DailyTech - Bitcoin Rollercoaster Ride Sees Currency Soaring to New High of $32/CoinSome of these comments are so misguided (and some have very valid points):
By p05esto - I can't help but feel that at any point Bitcoins could instantly go to $0 in value. They seem really sketchy and mostly used by people doing illegal things. Could just be me, but this is how I feel and why I keep away with a 10' pole.
By kleinma - [...] Bitcoins if I understand it correctly are just hashes of data generated from video card GPUs. Meaning that as the GPU gets better, more coins can be produced, and eventually people will be able to make how ever many they want, causing the whole system to fail, or just inflation to cause one US dollar to equal 50 billion bitcoins where it is not worth it to have them.
By Solandri - A currency needs to grow slightly faster than the economy. If it doesn't, it becomes more cost-effective for currency holders to stuff it under a mattress and wait for its value to go up, instead of using that currency to increase their productivity through economic activity.
By Gondor - It is amazing that there are gullible idjits out there who would put a value on something as imaginary (and backed up by noone) as "bitcoins".
The thing with "bridge for sale" springs to my mind whenever somebody mentions this crap. The funny part about this particular bridge is that it is free (as in: everybody can create one at no cost). How daft must one be to invest real money in something like that ?
By TSS - I hate Bitcoins. There i said it. I have and always hate them and their concept. For a very simple reason.
Right now, we're paying with money that's made up out of thin air. The vast majority of money is virtual, made up by typing numbers into a screen. Now there are some problems with that.
But bitcoins are virtual money, paying with thin air, that you first have to burn a real world lump of coal for, before the numbers are typed into the computer. How else is that GPU getting the power in order to mine bitcoins? the biggest source of power in the world is coal. Wether we have a script add the numbers or a human doesn't matter, they are still digital bits floating around in cyberspace.
This is the madness that i hate. Rather then saying "right we just won't print any more money", we have to burn real world resources to limit the creation of virtual money. It's the ultimate form of decadence. Instead of paying for something with nothing, you pay for something by destroying another thing.

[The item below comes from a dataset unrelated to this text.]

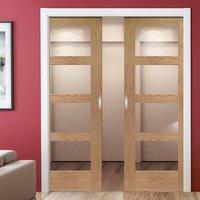 Double Pocket Shaker Oak 4 Pane Door with Clear Safe Glass - Prefinished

i HATE em. I'd rather return to gold, and i really dislike the gold standard for the same reason, turning a society that has learned to pay for something with nothing back into a medieval society which *has* to pay for something with something else or nothing gets done.
We could just, get this, put it in the constitution that the government is the only entity allowed to print money, and then, in that same constitution, tie the rate of inflation to the rate of growth of last year. 2% growth last year? 2% inflation this year. And then NOBODY gets to change that anymore. It can only possibly be changed by a 2/3rds majority in house, senate, president has to agree AND a referendum has to be held in which >60% of the population votes yes. It'll be a cold day in hell before all of that happens. And when the economy shrinks more or grows less then the numbers allow? TOUGH.
No need for bitcoins or massive lawbooks. The only problem that needs solving is people printing *more* money. Not people printing money.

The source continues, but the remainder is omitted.